Suivez nous sur

Quand l'IA pense comme les humains : exploration de l'esprit des LLM et des agents

Des leaders d'opinion

Quand l'IA pense comme les humains : exploration de l'esprit des LLM et des agents

mm

Aujourd'hui, les LLM et les agents apprennent, analysent et prennent des décisions d'une manière qui brouille la frontière entre leur « pensée » algorithmique et l'esprit humain. Les approches sur lesquelles ils s'appuient imitent déjà nos processus cognitifs, et l'ampleur de leur formation dépasse de loin l'expérience humaine. Cela soulève la question : créons-nous un outil qui élargit nos capacités, ou donnons-nous naissance à un nouveau type d'esprit dont les conséquences sont encore impossibles à prévoir ?

Comment pensent les modèles

Il est important de distinguer les concepts de LLM et d'agent.

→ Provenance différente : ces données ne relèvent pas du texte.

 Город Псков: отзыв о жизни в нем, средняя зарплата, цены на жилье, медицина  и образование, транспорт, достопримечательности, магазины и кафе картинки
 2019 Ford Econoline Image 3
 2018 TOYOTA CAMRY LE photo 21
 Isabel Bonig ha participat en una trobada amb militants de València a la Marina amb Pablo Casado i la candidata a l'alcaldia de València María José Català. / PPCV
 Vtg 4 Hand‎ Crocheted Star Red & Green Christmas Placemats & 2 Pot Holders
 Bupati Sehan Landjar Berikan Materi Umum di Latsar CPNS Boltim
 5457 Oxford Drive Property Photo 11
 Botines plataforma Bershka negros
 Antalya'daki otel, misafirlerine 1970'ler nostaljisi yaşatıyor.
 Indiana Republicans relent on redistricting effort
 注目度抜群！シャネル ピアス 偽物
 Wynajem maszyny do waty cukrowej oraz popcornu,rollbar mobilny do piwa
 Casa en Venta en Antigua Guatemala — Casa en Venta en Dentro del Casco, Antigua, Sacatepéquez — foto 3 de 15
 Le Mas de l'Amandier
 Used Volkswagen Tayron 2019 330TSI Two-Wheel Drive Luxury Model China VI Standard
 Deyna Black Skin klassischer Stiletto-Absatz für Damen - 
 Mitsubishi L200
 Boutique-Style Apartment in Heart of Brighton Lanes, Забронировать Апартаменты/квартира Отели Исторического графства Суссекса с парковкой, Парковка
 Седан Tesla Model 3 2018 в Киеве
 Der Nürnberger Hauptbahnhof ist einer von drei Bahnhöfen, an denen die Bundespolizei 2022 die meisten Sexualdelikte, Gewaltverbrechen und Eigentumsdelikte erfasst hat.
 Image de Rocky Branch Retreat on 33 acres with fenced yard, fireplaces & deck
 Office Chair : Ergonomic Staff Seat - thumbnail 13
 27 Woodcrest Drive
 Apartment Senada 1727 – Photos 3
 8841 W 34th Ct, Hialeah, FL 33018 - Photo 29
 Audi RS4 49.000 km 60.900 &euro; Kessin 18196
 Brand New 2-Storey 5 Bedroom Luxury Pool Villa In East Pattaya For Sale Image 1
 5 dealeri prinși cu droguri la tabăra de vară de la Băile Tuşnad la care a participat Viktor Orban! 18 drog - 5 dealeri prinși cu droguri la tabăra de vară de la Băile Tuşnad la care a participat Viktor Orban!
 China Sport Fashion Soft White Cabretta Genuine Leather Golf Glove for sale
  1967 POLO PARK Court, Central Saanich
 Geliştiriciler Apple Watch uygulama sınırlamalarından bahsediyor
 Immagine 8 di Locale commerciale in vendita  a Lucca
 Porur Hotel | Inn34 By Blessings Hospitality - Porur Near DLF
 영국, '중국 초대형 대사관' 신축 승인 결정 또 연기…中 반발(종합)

Pour faire une analogie avec un ordinateur, un LLM peut être comparé à l'un de ses composants, par exemple le processeur. Un agent, quant à lui, est le système dans son ensemble, une « carte mère » à laquelle sont connectés différents modules : mémoire, carte graphique et réseau. De même, un agent est un système complexe pouvant intégrer un ou plusieurs LLM, complétés par des mécanismes de prise de décision et des outils d'interaction avec l'environnement externe.

Si l'on considère le travail d'un seul LLM, tout se résume à la recherche de motifs. Cependant, lorsqu'un agent enchaîne plusieurs LLM, on peut dire qu'il « réfléchit », bien que ce processus repose toujours sur des motifs. L'agent construit la logique d'interaction entre les modèles : par exemple, un LLM analyse la tâche et, sur la base de cette analyse, il détermine l'action qu'un autre LLM doit effectuer.

La pensée humaine fonctionne de manière similaire : nous nous appuyons sur des connaissances et des schémas accumulés, les sélectionnons au bon moment, les traitons et formulons des conclusions. Ce processus s'appelle le raisonnement.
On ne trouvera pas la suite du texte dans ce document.